== Segment start ==

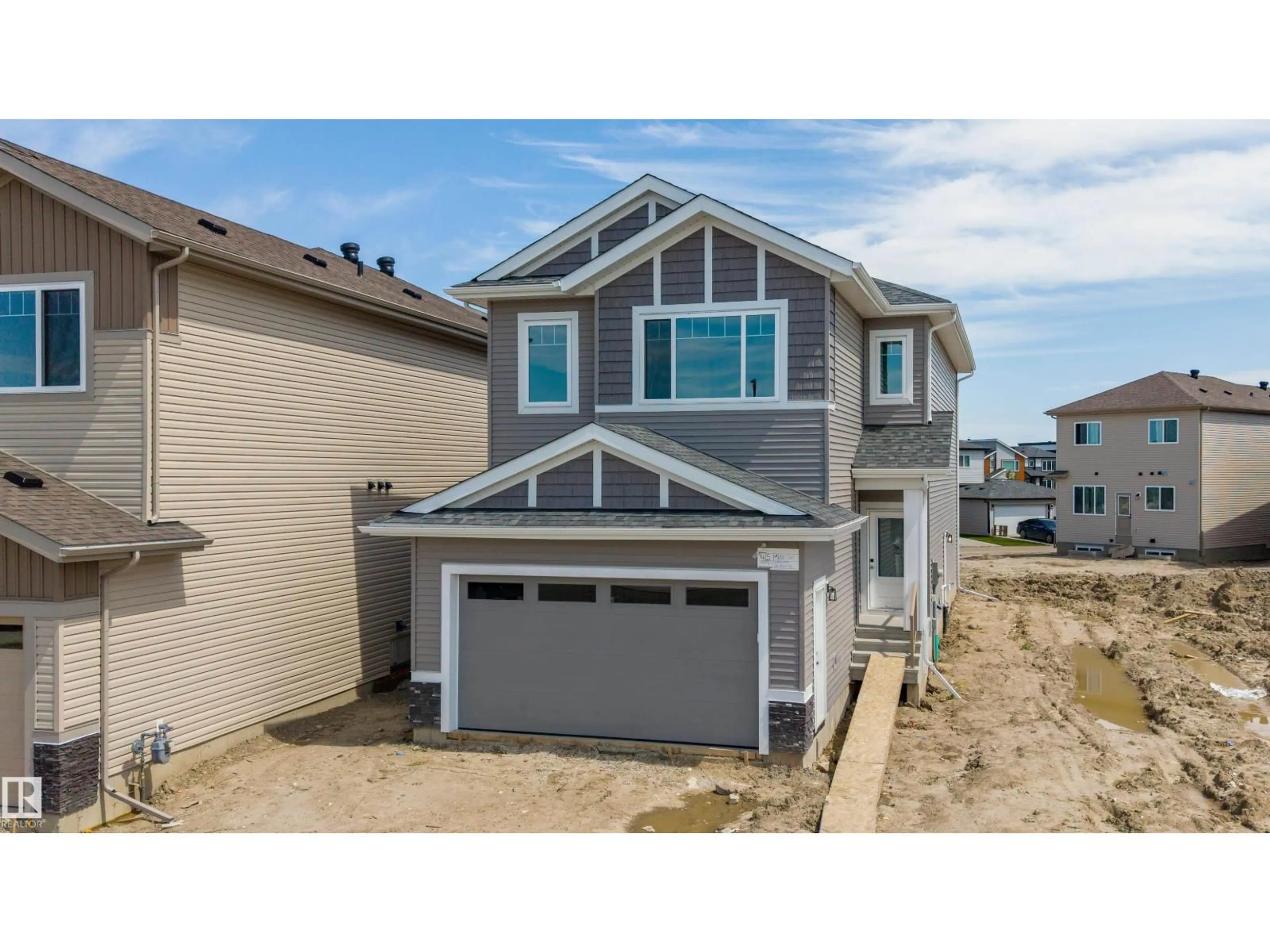 Home with vinyl exterior material, street for 415 MUNN CO, Leduc Alberta T9E0J9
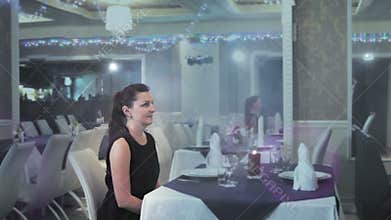 A man in a restaurant helped his wife to sit down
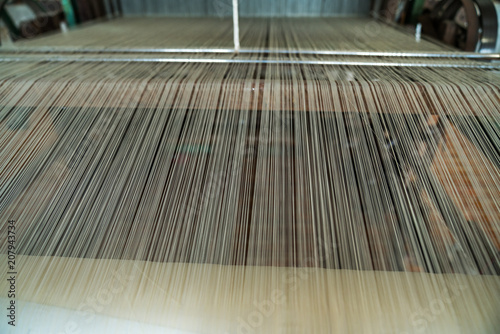 Silk threads on weaving machine. Vietnamese handmade silk producing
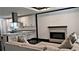 The living room features an elegant fireplace, stylish furniture, and barstool seating at 657 S Grand Nw Ave, Atlanta, GA 30318
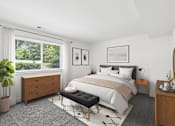 Thumbnail 12 of 40 - Modern bedroom with gray carpet and wood furniture at The Brook At Columbia Apartments, Maryland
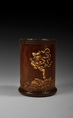A BAMBOO BRUSH POT WITH EMBELLISHMENTS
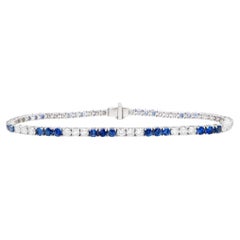 Bracelet tennis en or 18 carats, saphirs bleus et diamants taille ronde de 5,3 carats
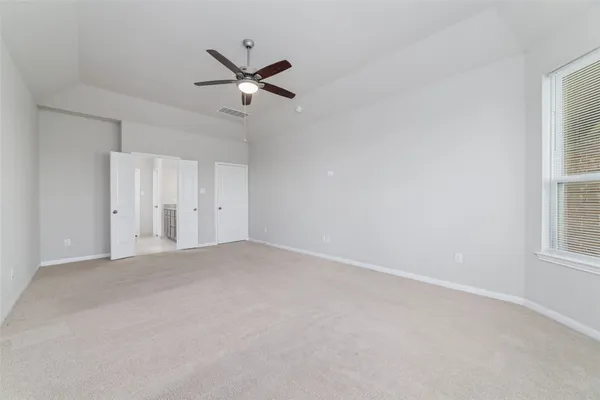 a view of empty room with windows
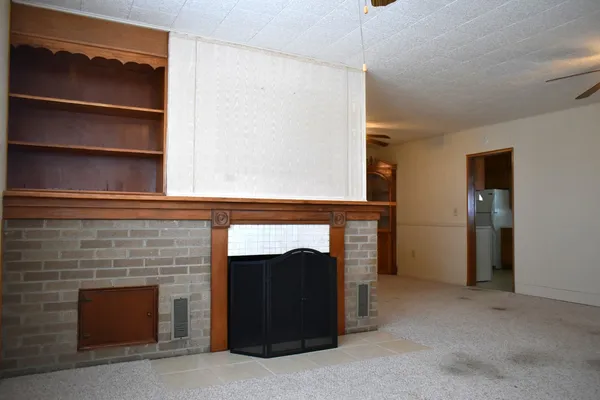 a room with closet and a fireplace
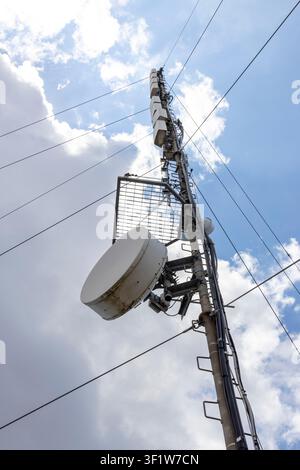 Telekommunikationsmast vor bewölktem Himmel, ausgestattet mit Antennen und einer Parabolantenne für moderne Kommunikation Stockfoto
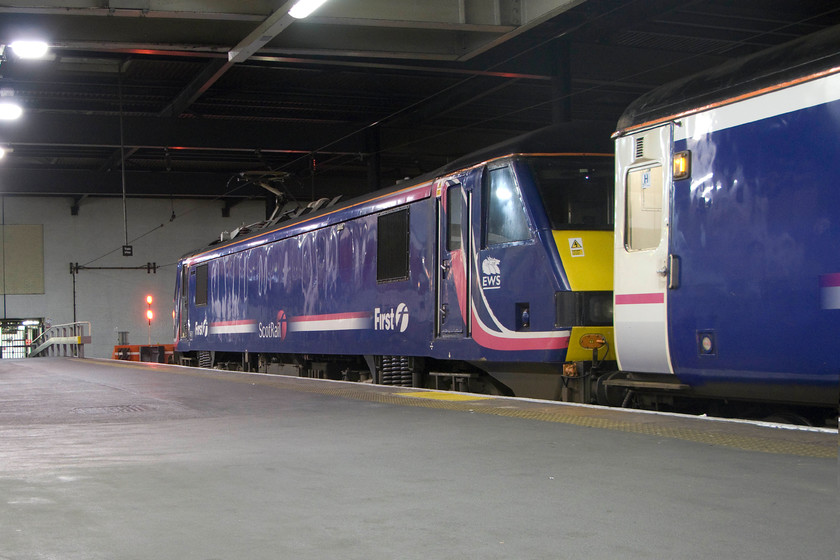 90019, SR 19.34 Wembley-London Euston ECS (5S95), London Euston station 
 A reverse angle view of 90109 taking a rest on the blocks at Euston after the short journey down from Wembley. It had brought the empty coaching stock in that will later form the Lowland sleeper service to Glasgow Central and Edinburgh Waverley. I have yet to travel on one of the Scottish sleeper services but this is something that Andy and I hope to rectify soon. 
 Keywords: 90019 19.34 Wembley-London Euston ECS 5S95 London Euston station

== Segment end ==

- Action item:
Everything in the records must be returned exactly, except the pictures.

- Completed task:
 Home with vinyl exterior material, street for 415 MUNN CO, Leduc Alberta T9E0J9
 A man in a restaurant helped his wife to sit down
 Silk threads on weaving machine. Vietnamese handmade silk producing
 The living room features an elegant fireplace, stylish furniture, and barstool seating at 657 S Grand Nw Ave, Atlanta, GA 30318
 Thumbnail 12 of 40 - Modern bedroom with gray carpet and wood furniture at The Brook At Columbia Apartments, Maryland
A BAMBOO BRUSH POT WITH EMBELLISHMENTS
 Bracelet tennis en or 18 carats, saphirs bleus et diamants taille ronde de 5,3 carats
 a view of empty room with windows
 a room with closet and a fireplace
 Telekommunikationsmast vor bewölktem Himmel, ausgestattet mit Antennen und einer Parabolantenne für moderne Kommunikation Stockfoto
 90019, SR 19.34 Wembley-London Euston ECS (5S95), London Euston station 
 A reverse angle view of 90109 taking a rest on the blocks at Euston after the short journey down from Wembley. It had brought the empty coaching stock in that will later form the Lowland sleeper service to Glasgow Central and Edinburgh Waverley. I have yet to travel on one of the Scottish sleeper services but this is something that Andy and I hope to rectify soon. 
 Keywords: 90019 19.34 Wembley-London Euston ECS 5S95 London Euston station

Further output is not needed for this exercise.